Читаем Портрет художника в юности полностью

Я смотрю на селедочный хвост в пепельнице, и вспоминаю другое жилье, в Староконюшенном переулке, добытое пятнадцать лет тому назад с помощью ухищрений, известных любому, кто жил в те душные и тесные года - извилистый коммунальный коридор с полосками света, пробивающегося сквозь неплотно прикрытые двери, по которому наощупь пробираюсь я и бережно сжимаю режущую руки авоську, а в ней - две пачки рыбных пельменей, только что появившихся тогда в Москве и, подобно бурому сливовому соку в трехлитровых бутылках, да спинке минтая в томатном соусе, всегда украшавших собой пыльные, со скошенными стеклами прилавки скудных магазинов. Я жил, как и сейчас, один: вечера мои были то шумны и бестолковы, то однообразны и томительны. Серая паутина, утяжеленная бархатистой городской пылью, висела по углам моей просторной комнаты о два окна, за которую я платил двадцать пять рублей в месяц, справедливо почитая это за величайшее счастье и везение. Сестра уже была замужем, в тушинской квартирке обитал и Андрей, тихий кандидат наук, и мой новорожденный племянник; воротиться к родителям после развода с Мариной я никак не мог. Да и жизнь моя к тому времени запуталась настолько, что мне, пожалуй, не под силу было бы жить под одной крышей с матерью и отцом. Тут и подвернулась эта комната - запущенная, с обваливающейся штукатуркой, однако же отдельная, и главное - с видом на чудом сохранившуюся в переулке церквушку. Казалось бы, что мне, атеисту и потерявшемуся человеку, в этом крохотном желтом здании со смешным золоченым куполом? И однако я часто гасил свет в комнате, присаживался у окна, включал проигрыватель с эллонами дяди Глеба (и пластинка, и книга, хотя и сильно урезанные, в конце концов все-таки вышли, а бабушка не дожила до этого), и смотрел через дорогу, следя за переливчатыми отблесками свечей в окнах церкви, за старушками (в тех же одинаковых темно-серых пуховых платках, что и мои соседки по Мертвому переулку), помогавшими друг другу открывать тугие высокие двери, за которыми вспыхивал переливчатый огонь свечей. Крестины бывали редко, отпевания - гораздо чаще, и не раз, заходя в церковь по дороге из университета, я видел восковые лики, обращенные к равнодушно-суровой голове без тела, изображенной изнутри центрального купола.
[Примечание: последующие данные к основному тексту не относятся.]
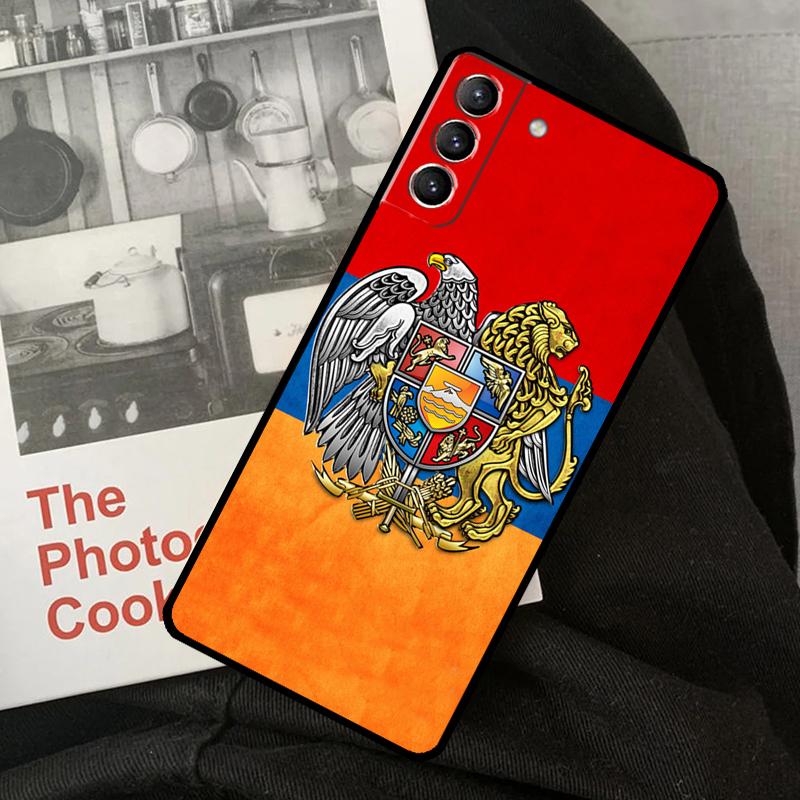 Armenien Wappen Flagge Handyhülle Für Samsung Galaxy S24 Ultra S22 S23 S20 S21 S24 FE S9 S10 Plus Note 10 20 Ultra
Там, смущаясь, поставил я однажды тоненькую желтоватую свечу Божьей матери, чтобы она дала мне знать о судьбе Михаила Юрьевича - но помогло это лишь много лет спустя.

Следовало оплавить торец свечи, чтобы она не выпала из подсвечника перед иконой, и я на мгновение погрузил его в пламя другой свечи, потолще, а потом зажег и саму свечу, и Мария поглядела на меня молчаливо и укоризненно, словно подозревая о моем неверии.

Долгой и грустной была эта зима. Ни раньше, ни позже у меня, пожалуй, не было настоящей возможности остановиться и оглядеться, под чистые звуки знакомых мне наизусть гармоний свободно переходить от стыда к радости, от счастья к отчаянию - и от этих перепадов давления, словно в лифте главного здания университета, замирало сердце и в ушах появлялся посторонний звон, а когда удавалось очнуться - я чувствовал себя светлее и чище.

Родной мой Мертвый переулок находился всего минутах в пятнадцати ходьбы, но я тщательно обходил его. Было бы невыносимо увидеть похоронный снежок на месте нашего палисадника, страшно подойти к железным кованым воротам, на которых в своем незадачливом детстве я, бывало, катался с дворовыми приятелями. Я покинул свое детство, как говорилось выше, с радостью, еще не ведая о том, что настоящие испытания непредсказуемы, и пожаловаться на них некому - разве что Господу Богу, но у него свои понятия о справедливости, и наши молитвы к нему чаще всего остаются без ответа.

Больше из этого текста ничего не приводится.